There is more to last night's election results than just what they portend for Trump and Trumpism. From Washington to Virginia, wealthy campaign donors saw their power wane yesterday.
- In Seattle, WA, candidates running under the city's new Democracy Voucher Program swept their elections. All three candidates -- Lorena González, Teresa Mosqueda, and Pete Holmes -- raised more than half of their campaign money from the $25 donation vouchers distributed to every Seattle resident as part of the program. Private donations to these candidates were limited to $250 per person. In its first year in operation, the Democracy Voucher Program is already meeting its goals by producing historic numbers of small donors, increasing the diversity of the donor base to better reflect the people of Seattle, and limiting the power of big donors.

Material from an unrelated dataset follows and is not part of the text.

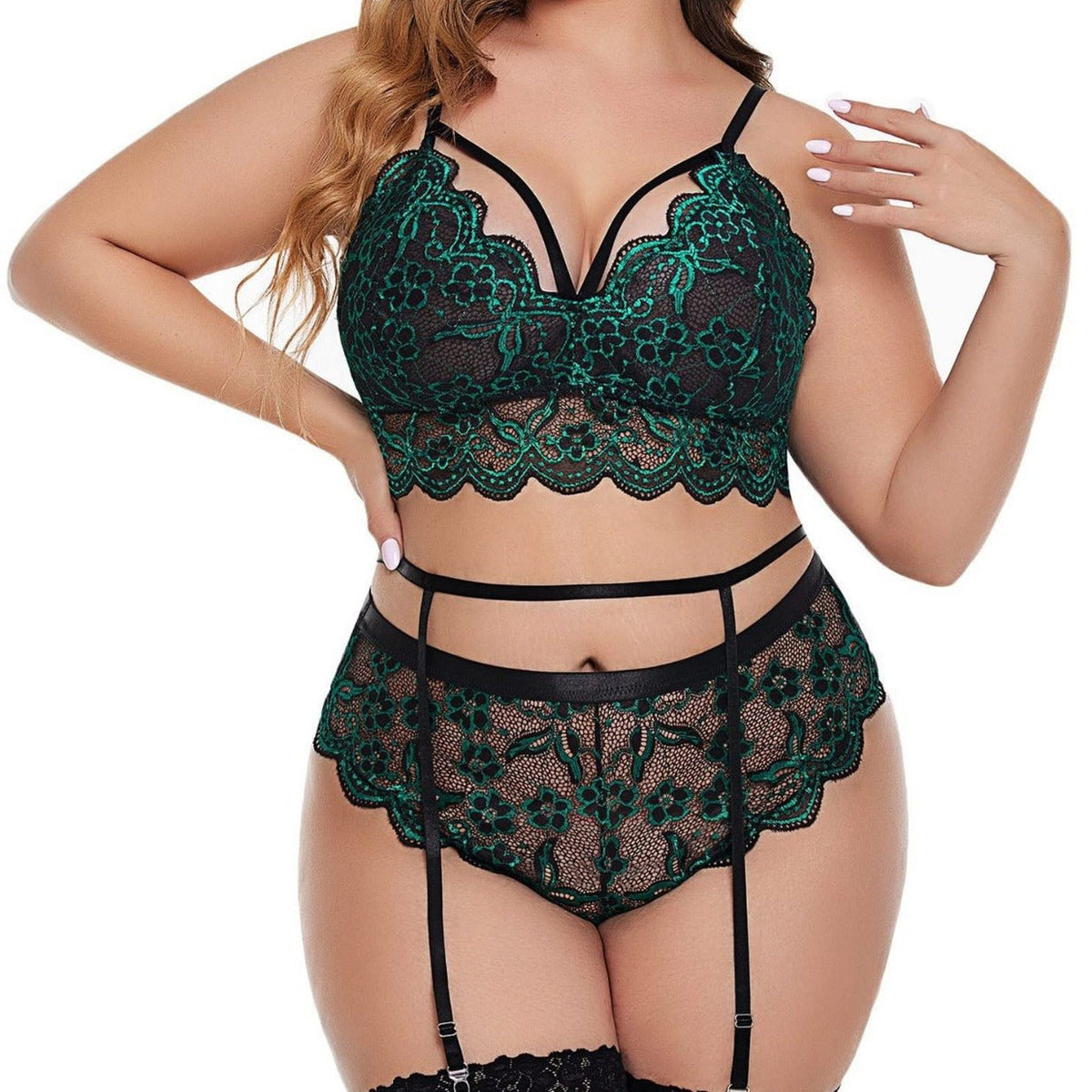 Plus Size Lace Embroidered Garter Set - Garter Lingerie Set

Post-election analysis of participation in the program will be available early next week.
- In Virginia, there will now be a governor and a strong bloc of state legislators who have promised to pass policies to reduce the power of big money. The national money-in-politics group Every Voice endorsed 19 state candidates. All of them won. "Northam’s goals in office also include ... campaign finance reform," according to The Virginia Pilot. Northam's victory also protects the voting rights of previously disenfranchised state residents who could have seen their rights rescinded once again under Gillespie.

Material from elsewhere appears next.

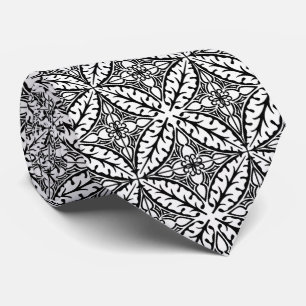 Gravata Azulejos marroquinos - branco e preto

- In Washington, Manka Dhingra's state senate victory opens the door for legislation to eliminate secret money from state elections. Republicans in the senate have previously used parliamentary procedures to block a final vote on the disclosure legislation. Democrats now control the senate, house, and governor's office.

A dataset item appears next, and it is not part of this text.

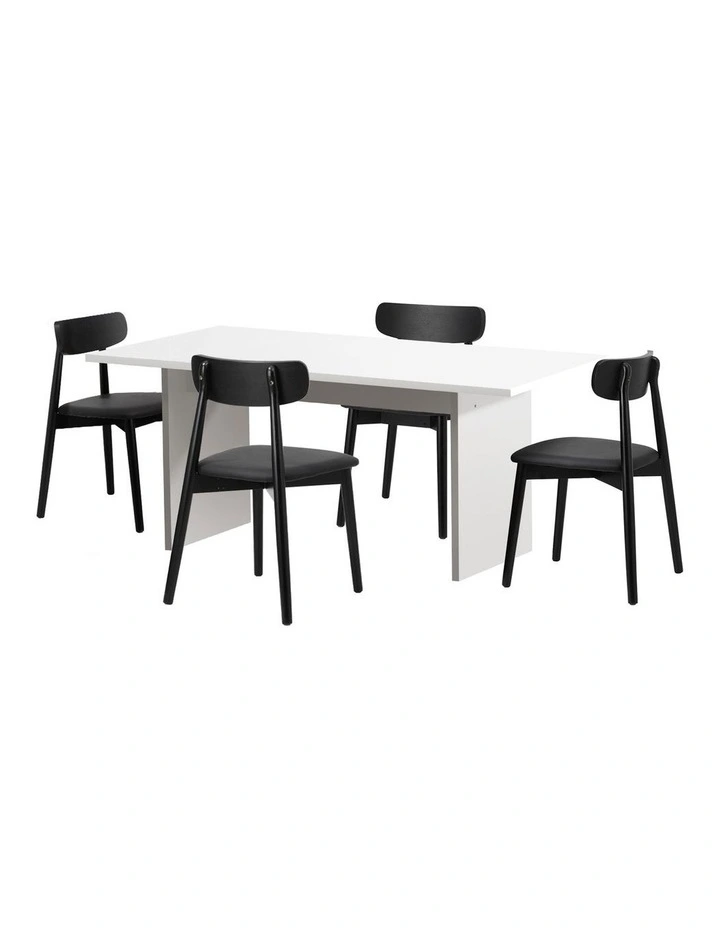 Oikiture 4-Seater Dining Table and Chairs Wooden Furniture Set Black image 1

- In New York, the mayor and seven of ten city council winners ran under the city's small-donor matching funds program. Three of those candidates -- Keith Powers, Carlina Rivera, and Diana Ayala -- were non-incumbents. The program has for years successfully boosted the power of small donors and kept candidates focused on talking to voters instead of spending all of their time at big-dollar fundraises. On average, the seven city council winners participating in the program raised nearly half of their money from small donors.
- In Manchester, NH, campaign finance reform advocate Joyce Craig beat incumbent Mayor Ted Gatsas. Craig has proposed "citywide campaign finance reform to end unlimited contributions to candidates and stop the pay-to- play culture at City Hall."
In 2018, voters will have even more opportunities to pass policies that give everyday Americans a bigger voice in our democracy.
- In Missouri, the left-right Clean Missouri coalition is supporting a ballot initiative to increase integrity, transparency, accountability in government. The initiative tackles campaign finance, ethics, gerrymandering, lobbyists gifts, and open records.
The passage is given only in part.